Un collectif de près de 50 associations de défense de la démocratie ou de lutte contre la désinformation a exhorté les 20 plus gros annonceurs sur Twitter (dont Coca-Cola, Google et Disney) à menacer Elon Musk de cesser toute publicité sur le réseau si jamais il «liquidait» la modération de contenus.
General Motors a déjà annoncé suspendre temporairement ses dépenses sur la plateforme.
Plusieurs ONG de défense des minorités, craignant un regain d'abus (harcèlement, racisme, désinformation), appellent de leur côté le nouveau patron à mieux policer l'application.
Pour certains ultra conservateurs, au contraire, la libéralisation ne va pas assez vite.

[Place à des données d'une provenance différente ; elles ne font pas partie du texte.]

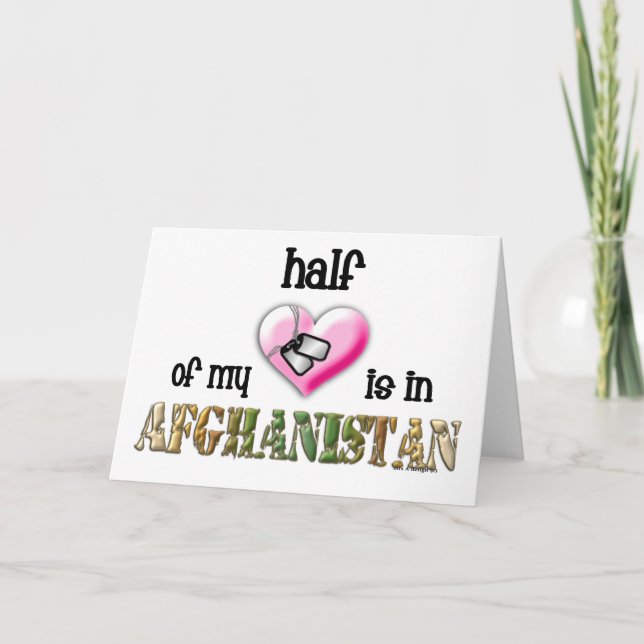 half of my heart...afghanistan 2 card (Front)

L'éditorialiste Benny Johnson demande ainsi à Elon Musk de licencier des cadres de Twitter qui ont «censuré» certains sujets, s'il veut «restaurer la confiance du public» dans le réseau.
«Etre attaqué aussi bien par la gauche que par la droite est un bon signe», a plaisanté le fantasque dirigeant.
Désinformation«Je pense qu'il est convaincu que les discours des conservateurs sont censurés sur Twitter, alors que les études prouvent que ce n'est pas le cas», remarque Suzanne Nossel.
Elle espère qu'il va revenir sur cette fausse hypothèse et comprendre «pourquoi nous accordons de la valeur à la liberté d'expression», comme la capacité de dialoguer, de persuader et de faire émerger les meilleures idées.
«Quand une place publique d'idée est noyée sous la désinformation, qu'on ne peut plus faire la part du vrai et du faux et que les gens se détachent parce qu'ils ne trouvent pas d'informations valables... alors les bénéfices de la liberté d'expression disparaissent», élabore-t-elle.
Sur le papier, Elon Musk semble en accord avec cette vision.
Lire aussi : Elon Musk aux manettes de Twitter, une nouvelle ère s'ouvre, incertaine
«Notre but est de faire de Twitter la source d'information la plus fiable sur Terre, quelle que soit l'affiliation politique», a-t-il déclaré mercredi, vantant les mérites de «Birdwatch», un programme de Twitter qui permet d'adosser à des messages disputés du contexte rédigé par des contributeurs indépendants.
La Maison Blanche a ainsi retiré mercredi un tweet qui vantait la hausse des retraites grâce à Joe Biden, alors que la note de contexte rappelait le rôle joué par une loi de 1972 sur les pensions.
Mais dimanche, Elon Musk a relayé une théorie du complot sur l'agression du mari de Nancy Pelosi, la cheffe des démocrates au Congrès. Il a lui-même supprimé son tweet par la suite.